In the following, we restrict our attention to the case where the code generator matrix is full rank, i.e. the system has full diversity. We are interested in the code generator matrix that maximizes the coding gain \(\gamma \). Comparing the upper bounds (4) and (5), it is obvious that if we find a code generator matrix \(\mathbf {G}\) that maximizes the minimum Euclidean distance \(d^2(\mathbf {v},\mathbf {v}')\) irrespective of the error vector, also the coding gain will be (close to) maximum. Hence, let us look closer at the Euclidean distance. Given that \(\mathbf {v} = \tilde{\mathbf {H}}\mathbf {B}\mathbf {G}\mathbf {x}_d\) and \(\mathbf {v}' = \tilde{\mathbf {H}}\mathbf {B}\mathbf {G}\mathbf {x}'_d\), it follows that

$$\begin{aligned} d^2(\mathbf {v},\mathbf {v}') = \mathbf {e}^H \mathbf {G}^H \mathbf {B}^H \tilde{\mathbf {H}}^H\tilde{\mathbf {H}} \mathbf {B} \mathbf {G} \mathbf {e} = \mathbf {e}^H \mathbf {A}_R \mathbf {e} \end{aligned}$$
(8)

where the matrix \(\mathbf {A}_R\) is a positive semi-definite Hermitian \(N_d \times N_d\) matrix. In the following, we assume that the error vector \(\mathbf {e}\in \mathbb {C}^{N_d\times 1}\), with \(\mathbf {e}^H\mathbf {e}=1\). Using the property that the Rayleigh quotient \((\mathbf {e}^H \mathbf {A}_R \mathbf {e})/(\mathbf {e}^H \mathbf {e})\) is bounded by the minimum and maximum eigenvalue of the matrix \(\mathbf {A}_R\) [5], it follows that the minimum of the product \(\mathbf {e}^H \mathbf {A}_R \mathbf {e}\) corresponds to the minimum eigenvalue of \(\mathbf {A}_R\). If we want the minimum Euclidean distance to be as large as possible, this implies that the minimum eigenvalue of \(\mathbf {A}_R\) must be as large as possible.

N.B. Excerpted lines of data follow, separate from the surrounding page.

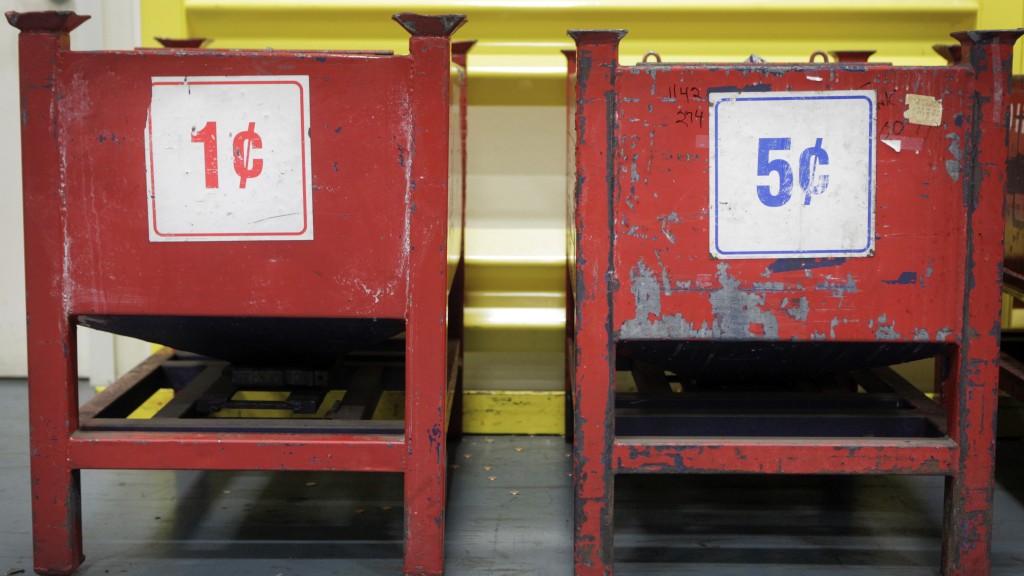 商戶不夠1美分硬幣,將價格「向下取整」至5美分造成損失。 美聯社 商戶不夠1美分硬幣,將價格「向下取整」至5美分造成損失。 美聯社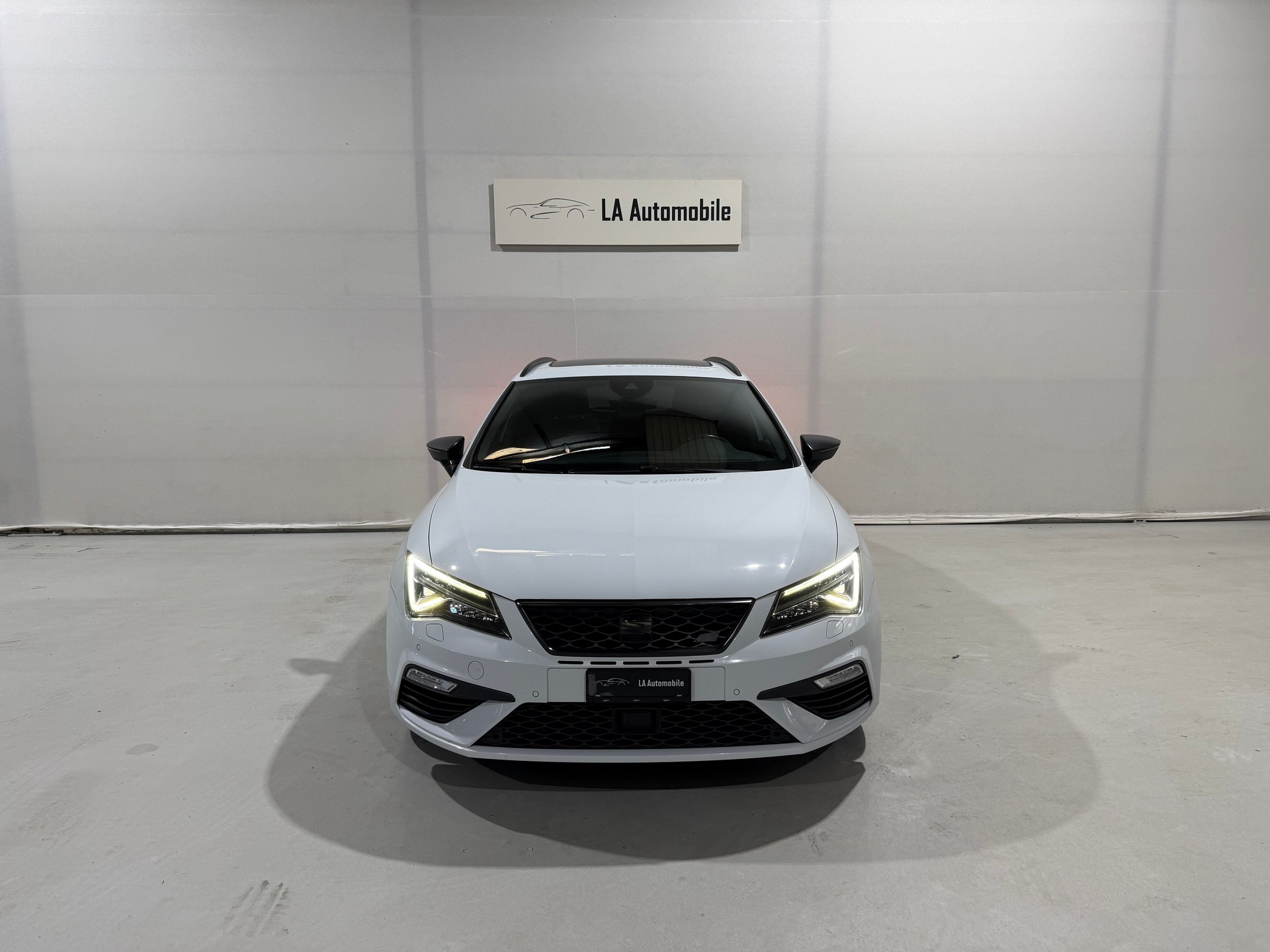 SEAT Leon ST 2.0 TSI Cupra 300 4 Drive DSG (CH)-image-3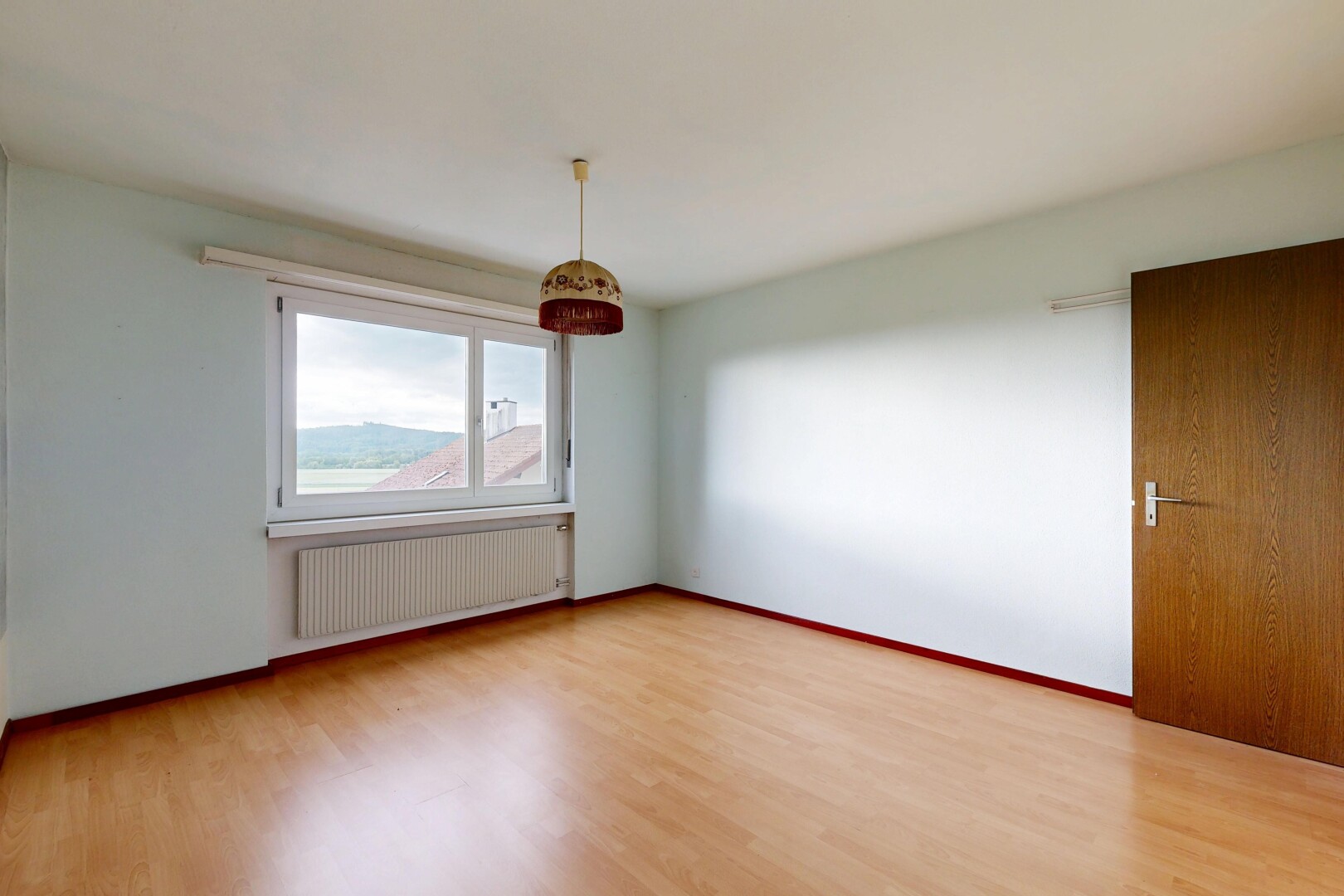 leerer raum mit kühler, holzfußboden, wood finish floor, gipskartonwand, und drywall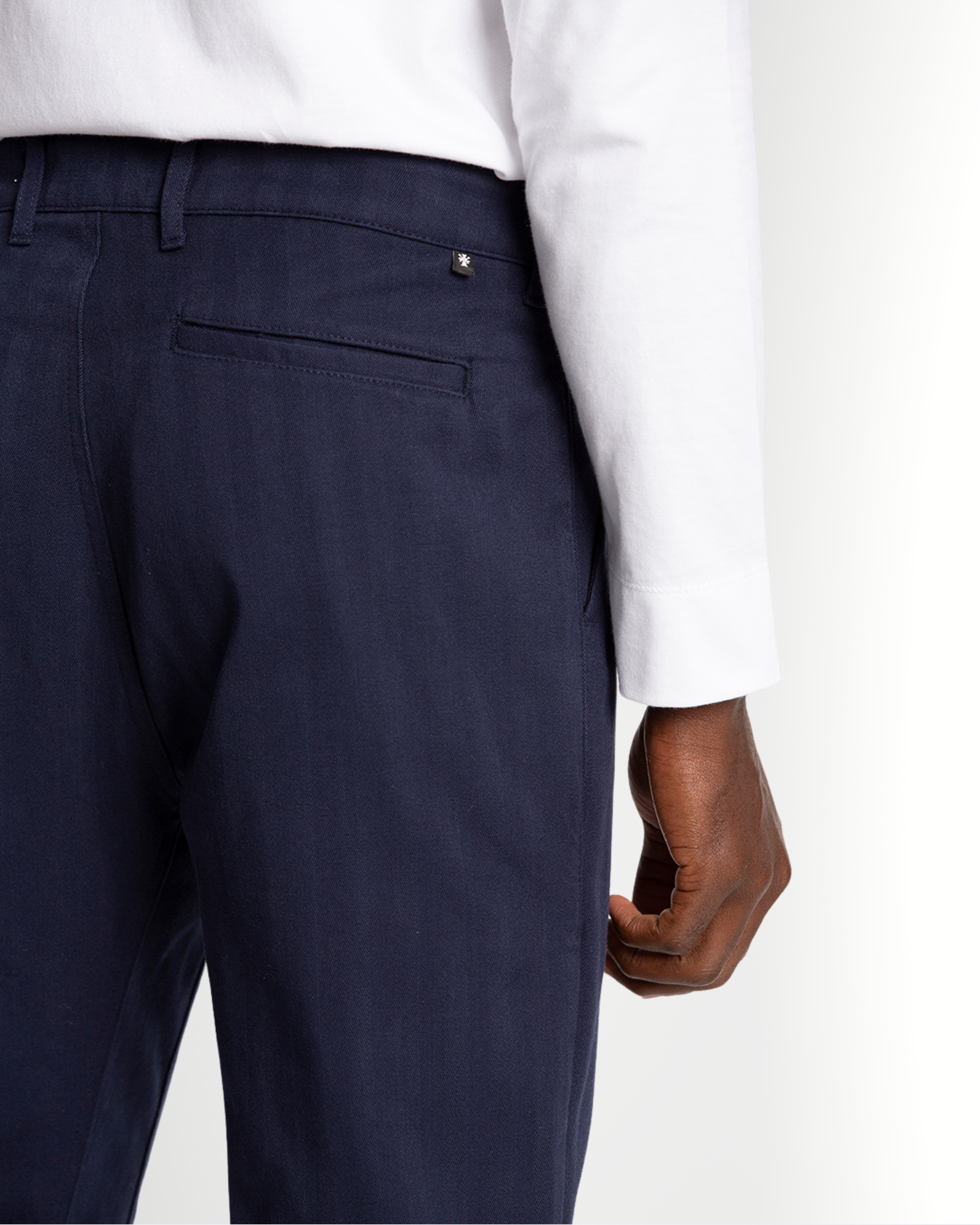 The Cotton Herringbone Straight Leg Trouser in Black Iris (Navy)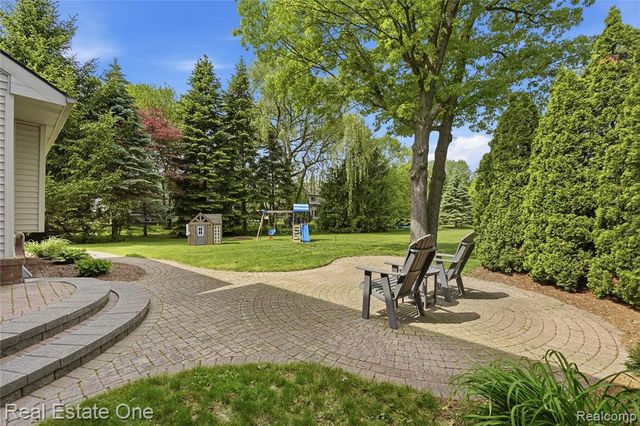 5097 Birkdale Drive, Commerce Twp, MI 48382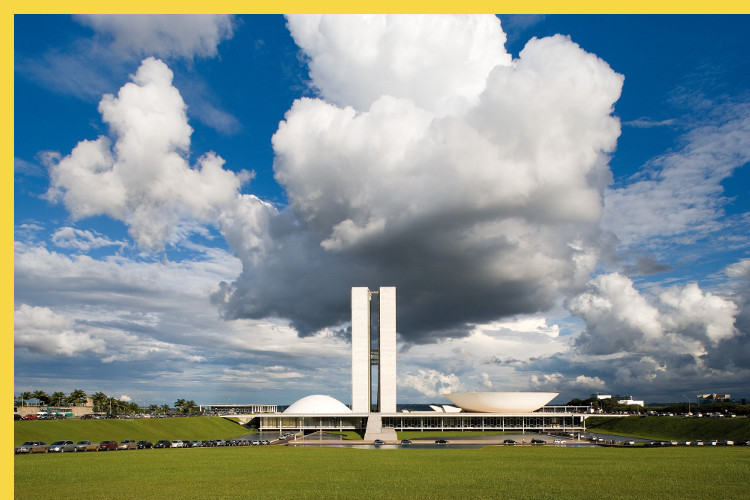 le Congrès National à Brasilia par Niemeyer en 1960 : vue générale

To maximize the minimum eigenvalue, we use the property of the Gerschgorin circles [5]. For a Hermitian matrix \(\mathbf {A}_R\), this property states that the real-valued eigenvalues \(\lambda _k\) are located in the intervals \(1-R_k \le \lambda _k \le 1+R_k\), with

$$\begin{aligned} R_k=\sum _{\ell =1 \atop \ell \ne k}^{N_d} |(\mathbf {A}_R)_{k,\ell }|. \end{aligned}$$
(9)

In the following we assume that \((\mathbf {G}^H\mathbf {B}^H\tilde{\mathbf {H}}^H \tilde{\mathbf {H}}\mathbf {B} \mathbf {G})_{k,k} = 1\). The normalization of the received energy per symbol implies that all data symbols have the same error performance [6, 7], which results in the lowest error rate performance if we average over all data symbols. As a consequence, the sum of the eigenvalues \(\lambda _k\) is a constant: trace\((\mathbf {A}_R)=\sum _{k=1}^{N_d} \lambda _k = N_d\). It is straightforward to show through Lagrange optimization that maximizing the minimum eigenvalue under the constraint that the sum of the eigenvalues is known, corresponds to the case where all eigenvalues are equal, which infers \(\mathbf {A}_R\) must be the identity matrix. This implies that we have to select the code generator matrix \(\mathbf {G}\) such that

$$\begin{aligned} \mathbf {A}_R=\mathbf {G}^H \mathbf {B}^H \tilde{\mathbf {H}} \tilde{\mathbf {H}}\mathbf {B} \mathbf {G} = \mathbf {I}_{N_d}. \end{aligned}$$
(10)

However, the matrix \(\mathbf {A}_R\) depends on the channel taps \(\mathbf {h}\) through the diagonal matrix \(\tilde{\mathbf {H}}\). Hence, unless the channel is known, finding the code generator matrix that results in \(\mathbf {A}_R=\mathbf {I}_{N_d}\) is generally not possible. Therefore, we restrict our attention to the case where we know the channel. This case could correspond to the case of a fixed wired link, or a wireless link with slowly varying channel, where the channel is estimated and fed back to the transmitter.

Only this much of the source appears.